**Brief:**
Would you please repeat the data exactly as given?
Data shown START
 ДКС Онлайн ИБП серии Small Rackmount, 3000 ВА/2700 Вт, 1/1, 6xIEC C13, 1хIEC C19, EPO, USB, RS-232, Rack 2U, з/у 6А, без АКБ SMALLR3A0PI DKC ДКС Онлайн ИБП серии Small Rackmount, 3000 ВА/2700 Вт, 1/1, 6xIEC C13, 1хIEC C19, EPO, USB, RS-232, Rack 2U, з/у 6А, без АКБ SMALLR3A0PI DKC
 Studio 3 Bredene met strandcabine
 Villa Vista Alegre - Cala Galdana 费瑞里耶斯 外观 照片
Data shown END
**Response for this exercise:**
 ДКС Онлайн ИБП серии Small Rackmount, 3000 ВА/2700 Вт, 1/1, 6xIEC C13, 1хIEC C19, EPO, USB, RS-232, Rack 2U, з/у 6А, без АКБ SMALLR3A0PI DKC ДКС Онлайн ИБП серии Small Rackmount, 3000 ВА/2700 Вт, 1/1, 6xIEC C13, 1хIEC C19, EPO, USB, RS-232, Rack 2U, з/у 6А, без АКБ SMALLR3A0PI DKC
 Studio 3 Bredene met strandcabine
 Villa Vista Alegre - Cala Galdana 费瑞里耶斯 外观 照片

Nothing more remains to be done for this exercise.